*** Opening of Data shown ***

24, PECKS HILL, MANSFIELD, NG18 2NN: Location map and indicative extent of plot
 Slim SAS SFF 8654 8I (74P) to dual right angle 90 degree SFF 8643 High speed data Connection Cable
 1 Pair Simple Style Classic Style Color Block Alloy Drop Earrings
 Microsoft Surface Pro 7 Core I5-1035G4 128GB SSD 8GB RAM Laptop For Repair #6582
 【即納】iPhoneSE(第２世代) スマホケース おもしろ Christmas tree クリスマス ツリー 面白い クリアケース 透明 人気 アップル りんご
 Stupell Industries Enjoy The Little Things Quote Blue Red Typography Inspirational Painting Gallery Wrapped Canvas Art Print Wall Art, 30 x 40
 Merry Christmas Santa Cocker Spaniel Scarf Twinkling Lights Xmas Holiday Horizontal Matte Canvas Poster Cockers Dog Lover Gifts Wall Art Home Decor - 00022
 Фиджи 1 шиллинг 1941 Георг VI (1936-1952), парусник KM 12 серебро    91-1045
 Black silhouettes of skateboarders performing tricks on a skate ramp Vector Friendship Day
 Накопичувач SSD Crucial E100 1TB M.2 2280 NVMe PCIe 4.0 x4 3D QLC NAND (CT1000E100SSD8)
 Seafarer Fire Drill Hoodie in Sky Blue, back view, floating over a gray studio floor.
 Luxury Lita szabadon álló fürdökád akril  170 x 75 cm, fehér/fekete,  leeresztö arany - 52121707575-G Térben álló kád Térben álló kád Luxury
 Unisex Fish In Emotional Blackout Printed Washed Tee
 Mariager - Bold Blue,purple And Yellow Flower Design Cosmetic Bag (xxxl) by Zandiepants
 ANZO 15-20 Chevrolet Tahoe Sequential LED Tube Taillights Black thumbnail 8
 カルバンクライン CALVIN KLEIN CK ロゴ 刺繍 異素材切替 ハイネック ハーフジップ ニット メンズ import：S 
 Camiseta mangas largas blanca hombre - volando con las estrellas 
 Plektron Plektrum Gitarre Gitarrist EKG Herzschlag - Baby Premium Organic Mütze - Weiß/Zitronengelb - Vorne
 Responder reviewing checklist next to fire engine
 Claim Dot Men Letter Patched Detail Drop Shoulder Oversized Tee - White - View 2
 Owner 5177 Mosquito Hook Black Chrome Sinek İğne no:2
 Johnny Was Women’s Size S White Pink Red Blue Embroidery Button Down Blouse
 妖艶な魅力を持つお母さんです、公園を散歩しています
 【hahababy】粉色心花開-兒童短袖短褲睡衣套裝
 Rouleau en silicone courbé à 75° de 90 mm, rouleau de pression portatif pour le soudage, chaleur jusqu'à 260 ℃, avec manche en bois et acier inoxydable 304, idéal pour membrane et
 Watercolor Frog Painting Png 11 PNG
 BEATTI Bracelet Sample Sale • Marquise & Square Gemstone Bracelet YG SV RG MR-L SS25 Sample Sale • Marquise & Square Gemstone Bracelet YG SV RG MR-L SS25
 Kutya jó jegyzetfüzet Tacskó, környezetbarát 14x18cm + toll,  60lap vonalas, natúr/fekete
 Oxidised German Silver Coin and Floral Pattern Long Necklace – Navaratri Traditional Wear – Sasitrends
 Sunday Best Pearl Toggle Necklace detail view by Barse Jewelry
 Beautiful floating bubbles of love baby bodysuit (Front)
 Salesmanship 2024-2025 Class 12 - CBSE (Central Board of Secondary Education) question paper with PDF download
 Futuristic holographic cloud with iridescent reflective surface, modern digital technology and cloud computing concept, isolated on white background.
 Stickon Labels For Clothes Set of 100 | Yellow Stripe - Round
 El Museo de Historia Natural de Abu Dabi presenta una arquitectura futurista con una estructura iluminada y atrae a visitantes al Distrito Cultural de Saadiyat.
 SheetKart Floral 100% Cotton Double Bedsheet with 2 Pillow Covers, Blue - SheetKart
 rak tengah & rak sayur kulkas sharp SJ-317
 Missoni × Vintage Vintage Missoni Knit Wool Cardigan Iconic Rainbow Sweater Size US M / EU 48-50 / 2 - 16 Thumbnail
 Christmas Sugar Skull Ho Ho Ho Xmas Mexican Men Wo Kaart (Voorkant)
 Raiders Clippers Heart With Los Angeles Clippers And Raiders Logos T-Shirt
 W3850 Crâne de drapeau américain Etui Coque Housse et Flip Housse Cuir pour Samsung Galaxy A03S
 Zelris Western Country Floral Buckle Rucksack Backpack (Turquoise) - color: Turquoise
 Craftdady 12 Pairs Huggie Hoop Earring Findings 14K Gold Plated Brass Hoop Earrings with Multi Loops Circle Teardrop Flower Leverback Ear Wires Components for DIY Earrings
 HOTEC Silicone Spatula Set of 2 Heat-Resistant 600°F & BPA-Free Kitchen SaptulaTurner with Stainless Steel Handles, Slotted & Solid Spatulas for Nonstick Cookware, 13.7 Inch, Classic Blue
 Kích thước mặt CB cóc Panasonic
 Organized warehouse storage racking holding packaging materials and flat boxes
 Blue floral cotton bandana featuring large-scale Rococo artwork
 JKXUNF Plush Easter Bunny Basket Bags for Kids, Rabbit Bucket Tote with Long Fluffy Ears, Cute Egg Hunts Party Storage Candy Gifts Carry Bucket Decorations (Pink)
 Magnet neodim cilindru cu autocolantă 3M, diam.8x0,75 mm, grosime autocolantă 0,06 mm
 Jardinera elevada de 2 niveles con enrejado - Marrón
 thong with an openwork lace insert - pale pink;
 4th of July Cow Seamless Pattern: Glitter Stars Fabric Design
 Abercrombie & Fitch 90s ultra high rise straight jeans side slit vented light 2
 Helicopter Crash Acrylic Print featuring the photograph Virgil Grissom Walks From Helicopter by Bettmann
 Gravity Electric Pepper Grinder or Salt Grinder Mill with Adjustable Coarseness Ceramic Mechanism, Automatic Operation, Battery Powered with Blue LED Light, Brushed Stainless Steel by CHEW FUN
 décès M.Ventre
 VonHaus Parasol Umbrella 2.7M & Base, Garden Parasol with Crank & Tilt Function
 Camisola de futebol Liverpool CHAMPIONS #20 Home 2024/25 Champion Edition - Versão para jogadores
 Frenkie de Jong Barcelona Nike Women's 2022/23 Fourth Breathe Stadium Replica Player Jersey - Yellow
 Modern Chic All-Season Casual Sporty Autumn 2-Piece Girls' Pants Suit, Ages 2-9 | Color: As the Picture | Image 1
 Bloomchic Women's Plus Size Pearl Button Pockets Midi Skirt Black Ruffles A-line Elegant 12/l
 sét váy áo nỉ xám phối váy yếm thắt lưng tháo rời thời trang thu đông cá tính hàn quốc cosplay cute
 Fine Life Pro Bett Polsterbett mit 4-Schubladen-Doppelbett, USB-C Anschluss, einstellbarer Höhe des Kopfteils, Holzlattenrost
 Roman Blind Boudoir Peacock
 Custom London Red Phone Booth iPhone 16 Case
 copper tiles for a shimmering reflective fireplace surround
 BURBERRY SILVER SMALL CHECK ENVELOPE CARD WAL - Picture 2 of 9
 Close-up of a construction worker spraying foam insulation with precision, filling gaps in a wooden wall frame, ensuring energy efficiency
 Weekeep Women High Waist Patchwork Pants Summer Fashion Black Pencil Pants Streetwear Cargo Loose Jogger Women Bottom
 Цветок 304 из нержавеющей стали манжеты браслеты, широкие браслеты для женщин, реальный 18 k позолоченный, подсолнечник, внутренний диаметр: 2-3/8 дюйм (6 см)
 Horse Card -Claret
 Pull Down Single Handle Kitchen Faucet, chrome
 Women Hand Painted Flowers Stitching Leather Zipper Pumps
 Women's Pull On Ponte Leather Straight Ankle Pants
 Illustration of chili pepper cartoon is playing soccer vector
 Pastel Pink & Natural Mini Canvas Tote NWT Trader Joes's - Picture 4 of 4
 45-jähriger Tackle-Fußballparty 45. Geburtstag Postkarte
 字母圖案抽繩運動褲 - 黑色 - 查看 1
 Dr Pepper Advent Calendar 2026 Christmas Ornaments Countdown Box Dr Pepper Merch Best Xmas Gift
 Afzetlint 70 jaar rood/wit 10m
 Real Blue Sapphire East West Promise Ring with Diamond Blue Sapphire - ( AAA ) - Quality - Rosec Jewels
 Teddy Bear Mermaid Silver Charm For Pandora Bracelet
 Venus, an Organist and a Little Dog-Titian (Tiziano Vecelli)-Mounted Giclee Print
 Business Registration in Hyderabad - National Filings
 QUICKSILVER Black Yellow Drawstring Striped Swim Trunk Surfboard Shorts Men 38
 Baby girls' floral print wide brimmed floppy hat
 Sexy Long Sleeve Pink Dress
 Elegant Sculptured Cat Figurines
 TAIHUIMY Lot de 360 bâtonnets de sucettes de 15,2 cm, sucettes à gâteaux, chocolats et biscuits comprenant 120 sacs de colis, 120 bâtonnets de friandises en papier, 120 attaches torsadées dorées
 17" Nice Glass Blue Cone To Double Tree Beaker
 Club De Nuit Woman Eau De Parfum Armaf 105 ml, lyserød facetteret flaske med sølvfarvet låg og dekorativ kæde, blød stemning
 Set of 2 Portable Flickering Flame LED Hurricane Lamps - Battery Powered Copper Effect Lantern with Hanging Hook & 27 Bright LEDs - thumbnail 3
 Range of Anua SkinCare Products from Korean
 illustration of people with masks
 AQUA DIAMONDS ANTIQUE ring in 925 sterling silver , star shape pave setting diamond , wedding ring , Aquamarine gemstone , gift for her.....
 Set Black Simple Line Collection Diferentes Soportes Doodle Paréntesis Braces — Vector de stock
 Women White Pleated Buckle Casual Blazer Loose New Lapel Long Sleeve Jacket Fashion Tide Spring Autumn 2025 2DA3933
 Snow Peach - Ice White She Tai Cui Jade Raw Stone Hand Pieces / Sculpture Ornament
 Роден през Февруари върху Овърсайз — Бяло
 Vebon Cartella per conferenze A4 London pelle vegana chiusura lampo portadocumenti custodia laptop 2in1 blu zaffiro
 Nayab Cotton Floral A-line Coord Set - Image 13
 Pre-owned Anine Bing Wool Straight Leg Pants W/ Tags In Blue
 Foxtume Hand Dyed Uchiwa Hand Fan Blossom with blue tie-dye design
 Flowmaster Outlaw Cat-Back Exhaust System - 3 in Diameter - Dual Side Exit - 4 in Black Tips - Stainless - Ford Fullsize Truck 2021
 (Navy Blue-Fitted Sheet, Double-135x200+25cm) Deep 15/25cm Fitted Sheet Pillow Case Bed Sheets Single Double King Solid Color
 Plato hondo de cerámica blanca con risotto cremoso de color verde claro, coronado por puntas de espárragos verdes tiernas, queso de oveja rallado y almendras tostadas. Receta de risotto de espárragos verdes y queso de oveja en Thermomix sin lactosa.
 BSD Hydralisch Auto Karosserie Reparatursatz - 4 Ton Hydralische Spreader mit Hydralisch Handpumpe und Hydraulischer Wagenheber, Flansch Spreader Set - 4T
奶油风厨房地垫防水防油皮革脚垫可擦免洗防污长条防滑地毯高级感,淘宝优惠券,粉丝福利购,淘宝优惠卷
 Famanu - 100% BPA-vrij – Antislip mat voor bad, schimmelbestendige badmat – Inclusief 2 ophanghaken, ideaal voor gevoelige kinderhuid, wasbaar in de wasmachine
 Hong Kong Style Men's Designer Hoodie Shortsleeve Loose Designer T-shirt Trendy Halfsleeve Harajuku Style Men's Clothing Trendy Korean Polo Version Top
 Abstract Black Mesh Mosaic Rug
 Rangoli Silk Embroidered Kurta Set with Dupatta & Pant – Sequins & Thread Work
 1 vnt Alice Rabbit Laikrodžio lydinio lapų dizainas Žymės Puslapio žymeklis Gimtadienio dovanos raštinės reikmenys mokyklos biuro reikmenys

*** Close of Data shown ***

Problem to solve = When a line of the material above contains the string "reflective", it counts. State the total and nothing more.

Written reply = 2